そもそもという地図

靴を選んだり、服を探したりしているとき、「今のオレは店員さんからどう映っているのだろう」ってわくわくする。販売員の経験がないから、そちら側の実景が思い浮かばない。手にとり、ひとりぶつぶつ言いながら、もとへもどす。奇妙奇天烈な客なんだろうな。

入念にリサーチして満を持した買い物と衝動買い、ふたつは同じ買い物でも「やっちゃった」感の度合いに大小がある。満足の質も別。もともと位相が異なる。でも、ふっと、思う。「そもそもなんでゲットしちまったのかね、これを」なんて。それがわかれば、もう少し貯金がふえるのかもしれない。

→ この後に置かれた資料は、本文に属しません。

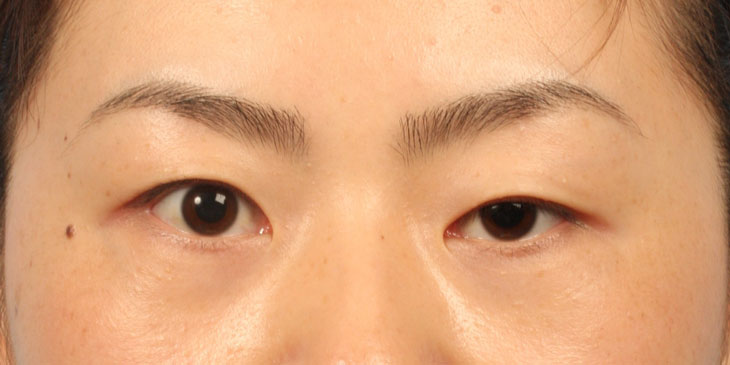 sụp mí mắt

そういえば、自分と馬が合う店員さんは、「そもそも」を尋ねてくる方が多いのじゃないかな。あからさまに「ご主人、そもそもなぜそれをお求めか?」なんてないけど、さぐりの入れ方がウマイ。

この間の靴を買ったときもそうだった。黒の靴を選んでいるわりに決めかねている姿に業を煮やした?!店員さんが、「シューズ系をお求めですか?」と尋ねてきた。それがスイッチ。そのスイッチが入って、私が「うん」と答えて、回路が動き出すと、「どのようなお召しもの時にはかれますか」と続き、どのようなシチュエーションかなんて信号が飛び交う。

AmazonやGoogleは優れている。重宝している。でも、ときに自分が何を求めているのかつかみきれていないときは歯が立たない。それは、私のリテラシーに問題があるのだろう。豊富な語彙と論理的な推察を持ち合わせていればたどりつけるかもしれない。

でも、そうでない私にとって、レコメンデーションでもアフィリエイト広告でも、検索データベースでもない、対話が宝物にたどりつくための地図となる。